Where do super powers come from? For Superman, it was his Kryptonian body that allowed him to harvest energy from the sun and obtain super strength. For Batman, it was his superior technology that allowed him to best his opponents.
But truth can be stranger than fiction. New supermaterials developed by GE scientists – like “super” ceramics called CMCs that can work inside a jet engine, fourth-generation carbon fiber composites and water-repellent, or superhydrophobic coatings – bestow what seems like superpowers on everything from jet engines to wind turbines and power plants. (GE calls this idea of sharing the same advanced technologies between different products and businesses the GE store.)
Obviously, GE is not developing materials with super properties just for the thrill of it. The company has spent billions of dollars to come up with materials like CMCs and uses them to get a competitive edge.
For example, the LEAP jet engine, the world’s first engine with CMC parts, has already become the bestselling jet engine in GE history, even though it won’t enter service until 2016. The engine was developed by CFM International, a joint company between GE and France’s Snecma (Safran), and CFM has received orders for 9,550 LEAP engines valued at $134 billion, to date.

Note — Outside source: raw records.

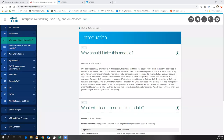Hello and welcome to our lecture for Module 6, NAT for IPv4, for Enterprise Network Security and Automation. My name is Kelly Caldwell and I'm the lead instructor at Stanley Community College's Instructor Training Center.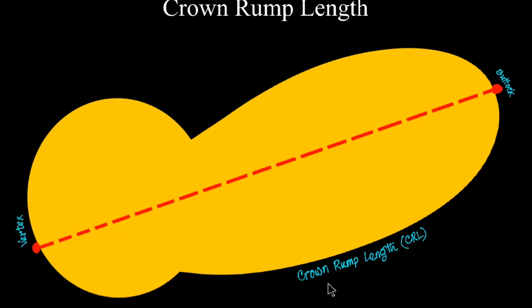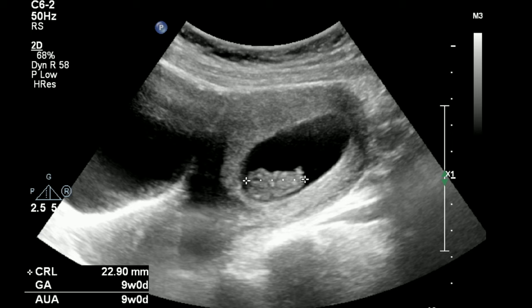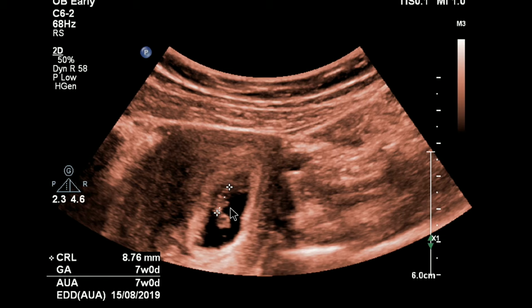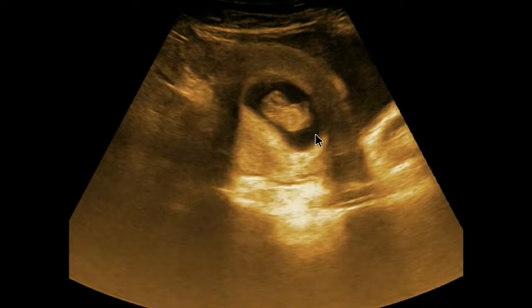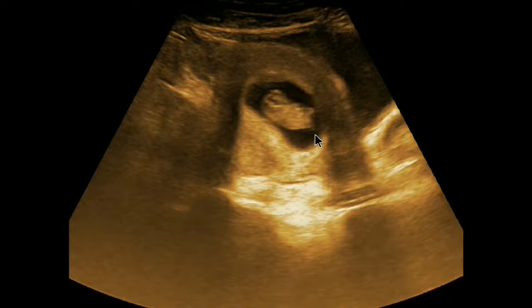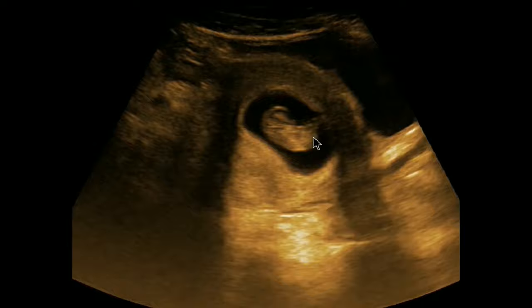Crown-rump length: crown means top of the head, rump means buttock. For crown-rump length, choose the CRL option and measure a distance from the upper limit of the cranium to the buttock or end of the abdominal part. Here we can see an embryo — this is the cranial part and this is the caudal part. You can also see a limb part. We are measuring from the vertex up to the buttock. Machine will show you the gestational age and EDD. Be careful about the yolk sac — do not include it mistakenly.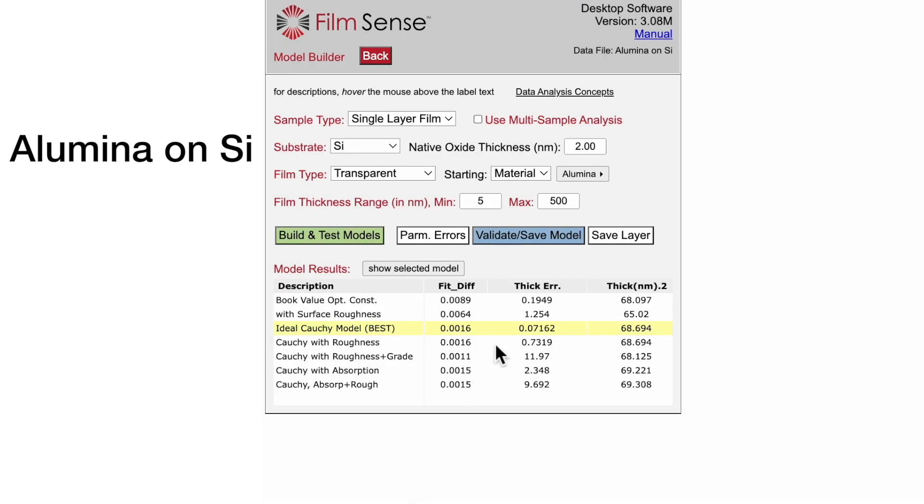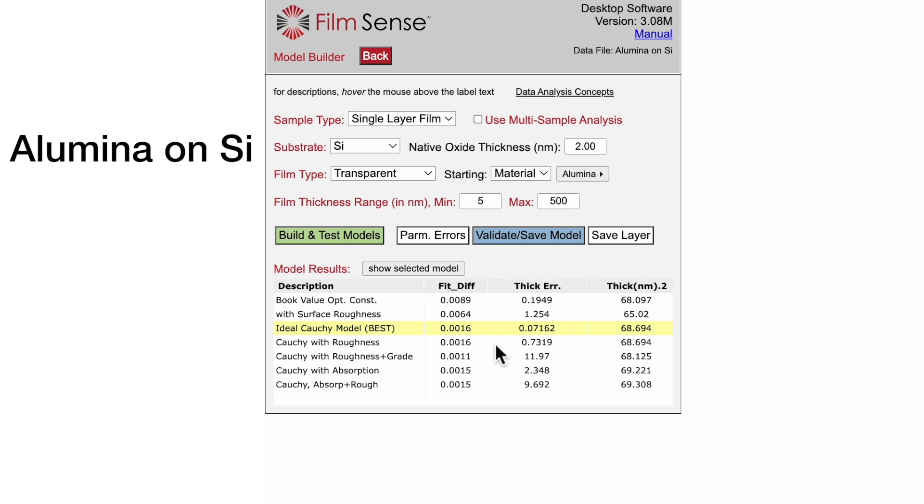Model Builder uses a combination of the tabulated fit diff and thickness error values when selecting the best model. For example, the more complex Cauchy with Roughness plus Grade model has a lower fit diff compared to the best model, but its thickness error bar is much larger.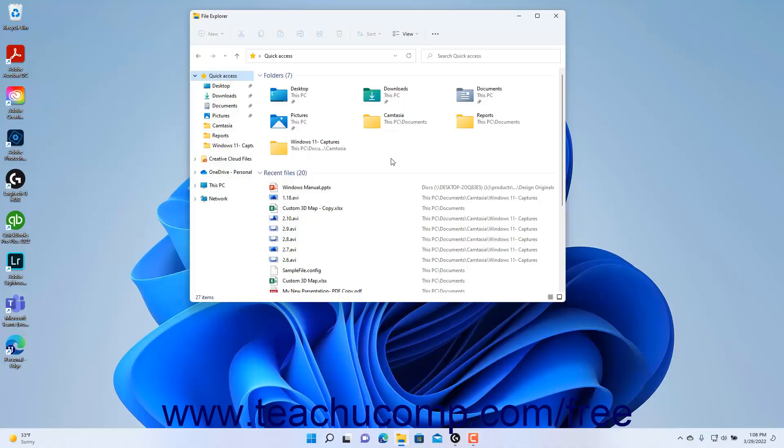Libraries are collections of folders that contain files of a selected type. The default libraries in Windows 11 are Camera Roll, Documents, Music, Pictures, Saved Pictures, and Videos.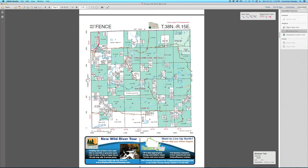From the Measuring Toolbar, you can choose to measure Distance, Perimeter, and Area. We will measure area for this demonstration.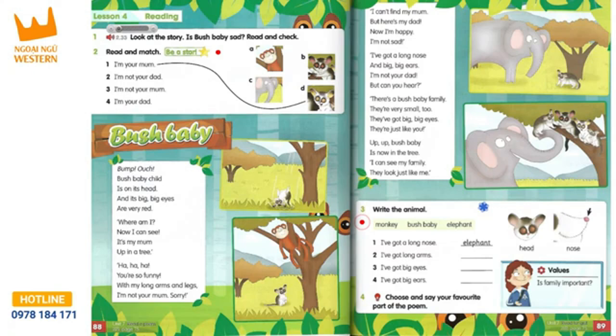Ha ha ha ha! You're so funny! With my long arms and legs, I'm not your mum. Sorry.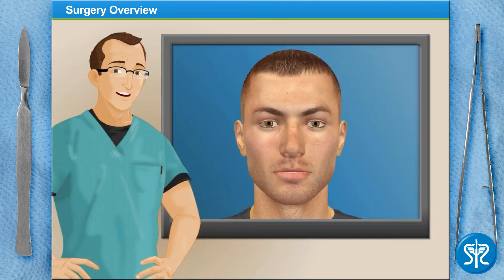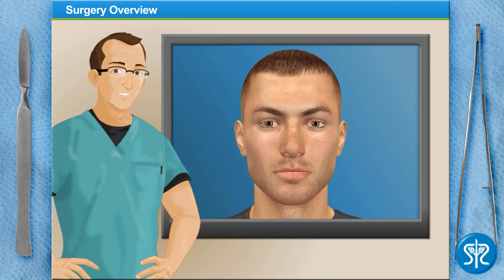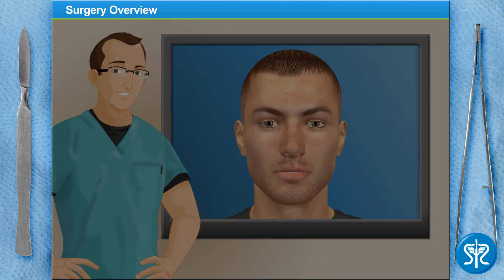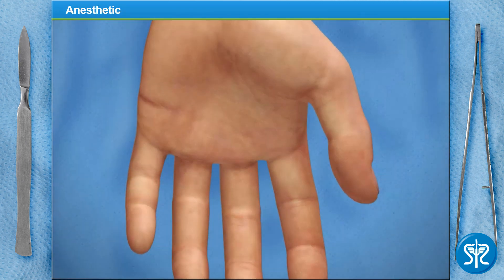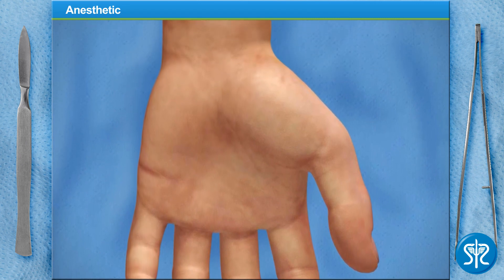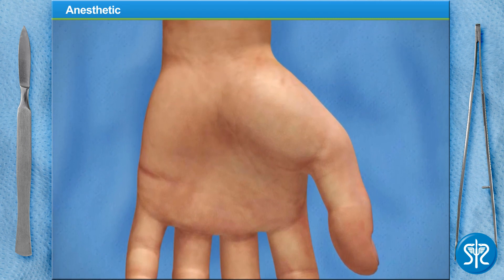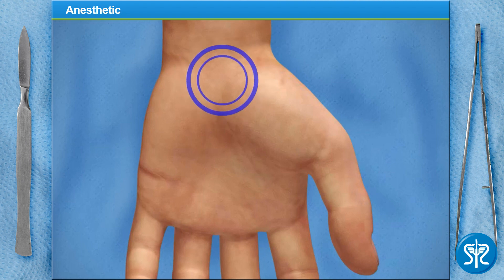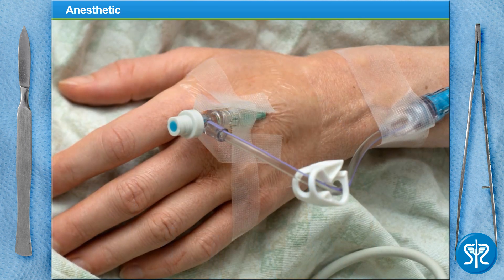Today we'll be operating on a patient who has been diagnosed with carpal tunnel syndrome after experiencing numbness and weakness in the palm of his hand and thumb. Now let's put on our gloves and get started. The limited open carpal tunnel release surgery is performed using a local anesthetic that numbs the carpal tunnel area of the hand and wrist. If a patient is nervous or uncomfortable, I'll sometimes use a sedative as well.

But big business doesn’t mean the company can’t have little fun with the materials. That’s why GE decided to create a new class of superheroes based on the materials’ qualities.
The company timed the coming out party for the characters, which include Captain CMC, the Carbon Fiber Crusader, and the Super Hydrophobic Woman, for Comic-Con International, the World’s Fair for comics lovers starting this week in San Diego.